Imposible porque a los doce nadie se enamoraba como yo.
Tampoco voy a decir que fue por culpa de Manizales pues qué culpa va a tener de que haya nacido enamorada, pero alguna responsabilidad ha de tener en que haya sido una niña precoz. A los ocho años, en el colegio Santa Inés, me tatué en una rodilla la letra del nombre de mi amado; primero la delineé rasgando mi piel con la punta de un compás y luego la repinté con un lapicero, incisiva, compulsiva y repetidamente. También a los ocho hice la primera comunión y mi mamá me pilló fumando en la fiesta con unas amiguitas en el balcón de mi casa en Palermo. A los doce ya había llorado mis ojos por amor y aunque incipiente, ya conocía el hondo vacío del desamor y la perversa manera que tiene de hacernos sentir vivos envueltos en su cobija sensible de emociones sin control.
Si mi papá hace 44 años buscando un puesto en un periódico de Bogotá se lo hubiera encontrado en Pasto, creo que yo sería distinta. Pero se lo consiguió en Manizales y aquí vinimos a dar. Yo tenía tres años, y para las que me están haciendo cuentas y creen que es falso porque ya tengo 50, les recuerdo que fui madurada biche y era la más chiquita de la barra, aunque no pareciera. Y aquí me crié, y aquí amé, y fui feliz, y lloré, y me hice quien soy. Para bien y para mal. Y creí morir cuando regresamos a vivir a Bogotá a mis catorce años, y desde entonces Manizales se me volvió un nudo en el alma.

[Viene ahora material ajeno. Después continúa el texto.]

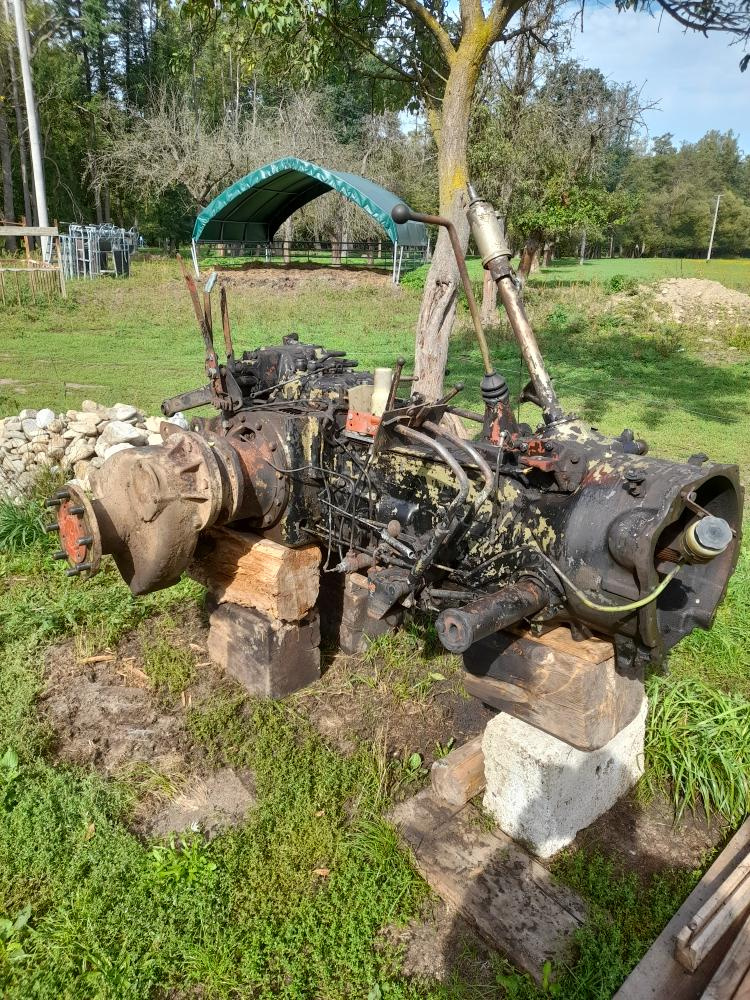 Zadek zetor 6911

Soñaba con venir de vacaciones y justo antes del viaje me enfermaba, me daban fuegos en la boca, se me bajaban las defensas. Y llegaba aquí a vivir todo lo que me había perdido pero me iba más perdida con todo lo que había vivido.

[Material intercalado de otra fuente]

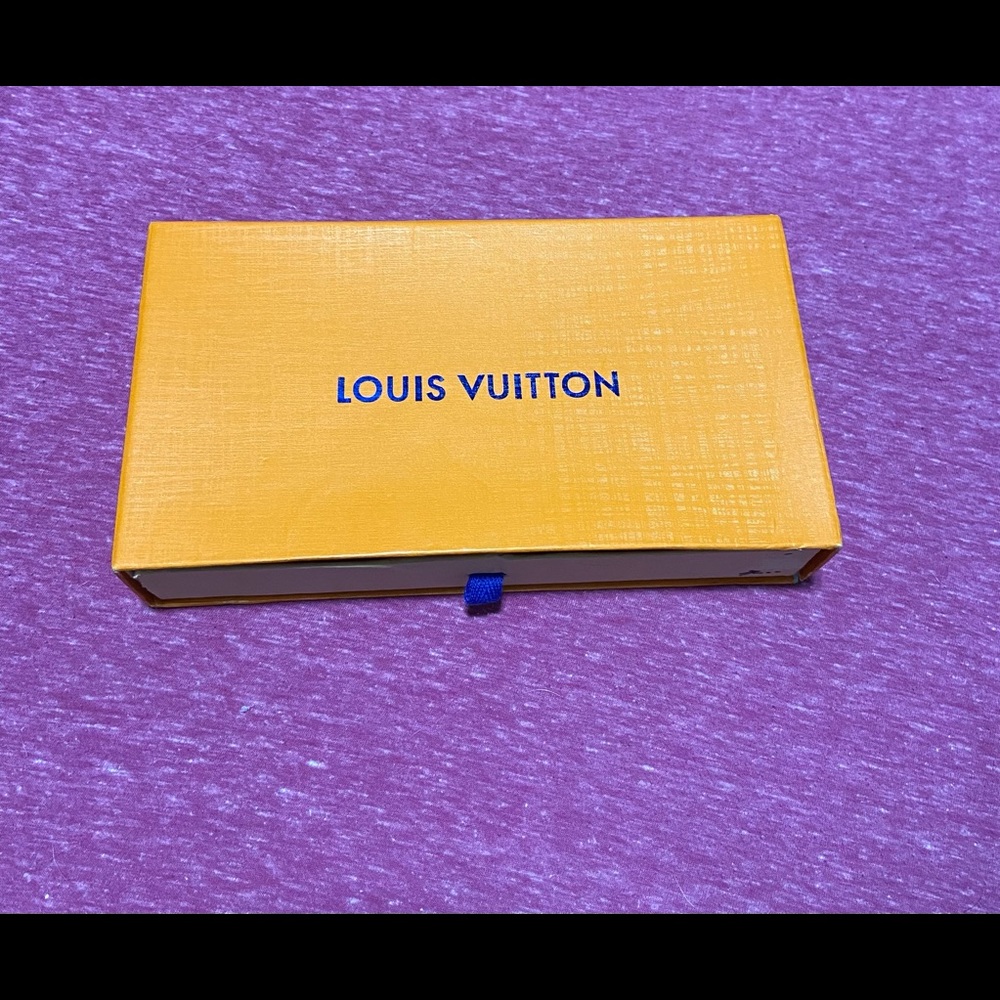 Blue wallet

Después de un tiempo no quise volver. Aquí nadie me quiso, nadie me quiere ni me va a querer, pensaba, y me dediqué a romper corazones en Bogotá donde sí me querían. Tal vez si a mi papá le hubiera salido el puesto en la Costa y la música que se colaba por las ventanas fueran unos vallenatos bien bacanos, yo no tendría esta cursilería de Ondas del Nevado aún impregnada en el alma y hubiera crecido menos enamorada y hubiera sido otra Carolina tal vez, y si hubiera una estrella en tu cielo para compartir mi deseo de estar siempre cerca de ti, volvería a conocer la alegría que hace tanto tiempo perdí.

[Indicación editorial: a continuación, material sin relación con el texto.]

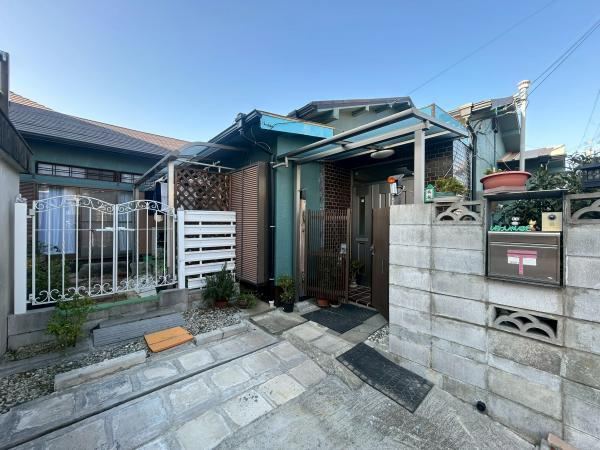 Spacious 6DK Detached House in Shin-Data - Photo 1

Mis papás volvieron, mis hermanas están aquí, y todos felices. Yo no. Estoy allá, y allá también soy un bicho raro, lo que pasa es que no se nota tanto, porque nunca sonreiré si no es contigo, no puedo, no quiero vivir sin tu amor. Viviré para esperar que me sonrías, de noche, de día, con esa ilusión, que me amaras.
Manizales para mí es un canto. Y cuando dejes de dolerme, o así nunca lo hagas, algún día volveré a ti, y no a morirme. Volveré a darme el lujo de hacer siesta después de almuerzo y a vivir despacio, sin olvidarme que soy Carolina Enamorada, y a agradecerlo, porque al fin de cuentas he vivido, y lo bailado, nadie me lo quita.